And so you can… You can both return our Earth to a more habitable place, and you can explore the universe.
You know, what is Elon’s famous line? He wants to die on Mars, just not on impact.
I don’t see any point in going there either to die or to live. But I do see exploring the universe is a great human project.
Thomas Gauthier
Well, let’s… Go and meet the Oracle for one final time.
This is your chance to ask a third and last question. What would you like to ask the Oracle now?
John Markoff
Okay, well, so I’m going to cheat here. I’m going to ask a two-part question if I can, because I can’t decide.
So the first half is, will democratic institutions survive this era? And the second half of that, which I think is very related, is will the next generation of the internet have a positive or negative impact on society?

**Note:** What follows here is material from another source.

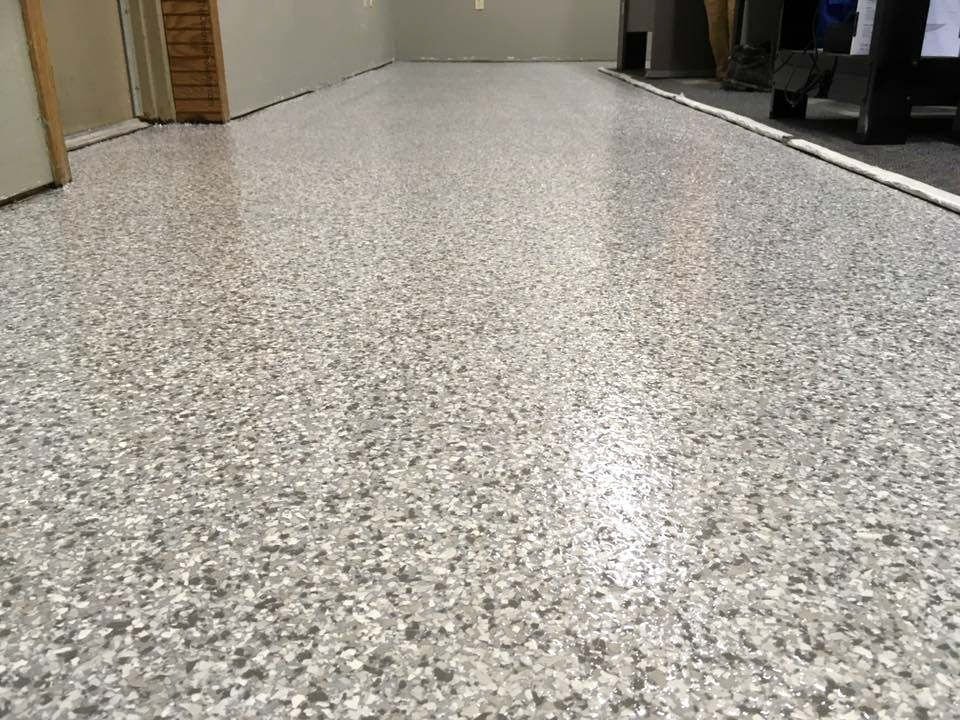 Metallic epoxy floor finish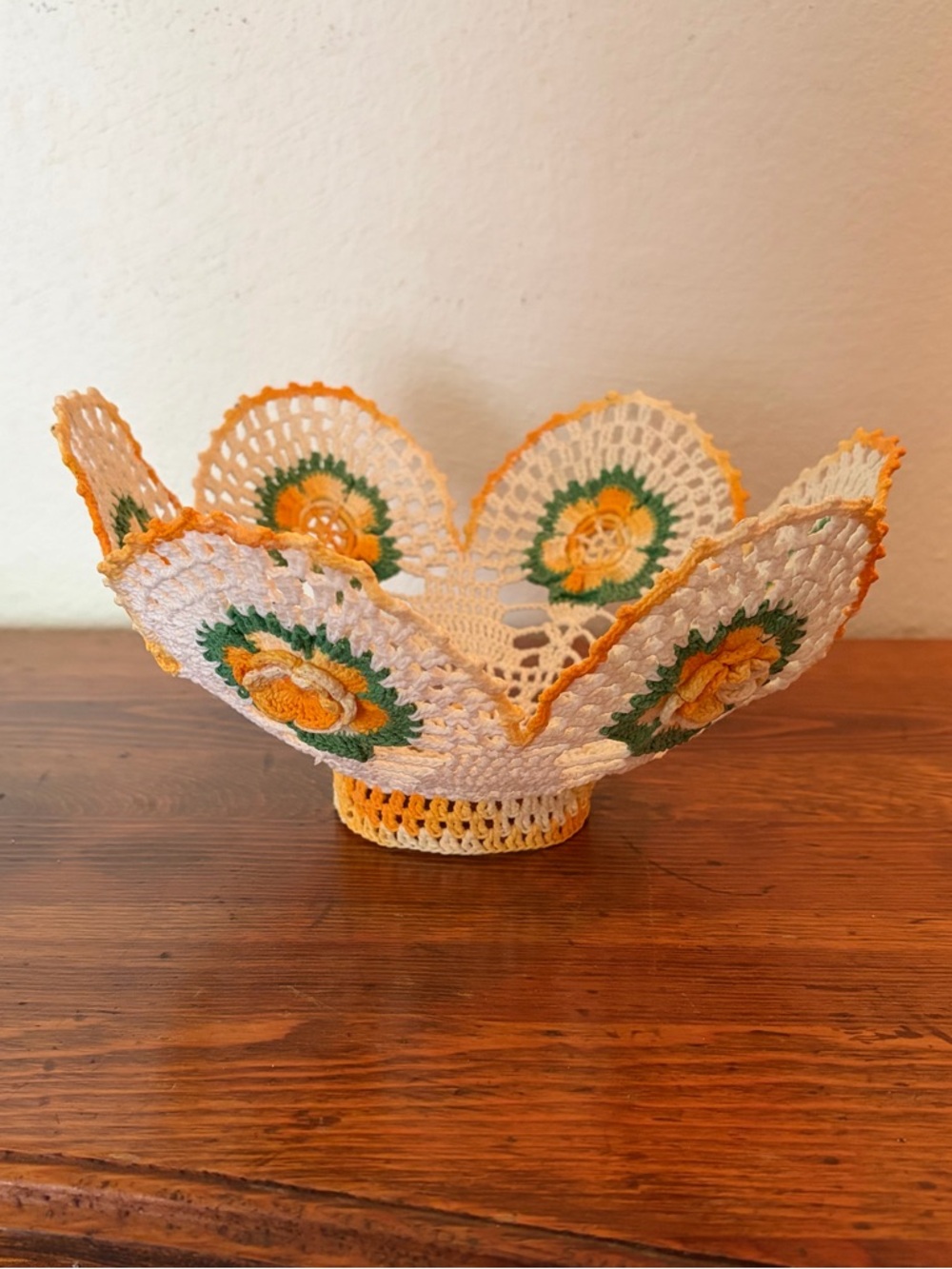 Vintage Doily Bowl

And I think those are intertwined.
Thomas Gauthier
How are they intertwined in your mind? Why would you connect democratic systems with the next wave of the internet?
John Markoff
Well, so I was part of a generation that grew up with, you know, early networking. I grew up reading that generation of science fiction called cyberpunk that described a dystopian world based on computer networks.
So I had a very, I had an early grounding in that world. I reported on it.
And I saw as it reached a broader and broader part of humanity till now, I think it reaches about half of humanity or something like that is touched by the network. So, and I saw the political influence it had as it reached a broader and broader group.
And I began, I really was in that camp. I was very, I was very naive because I was, I was reading the cyberpunk science fiction.
So I saw this dystopian future. And at the same time, I believed guys like John Perry Barlow, who was famous for writing this essay in Wired Magazine.
You know, John Perry Barlow was a songwriter for the Grateful Dead. He was also a…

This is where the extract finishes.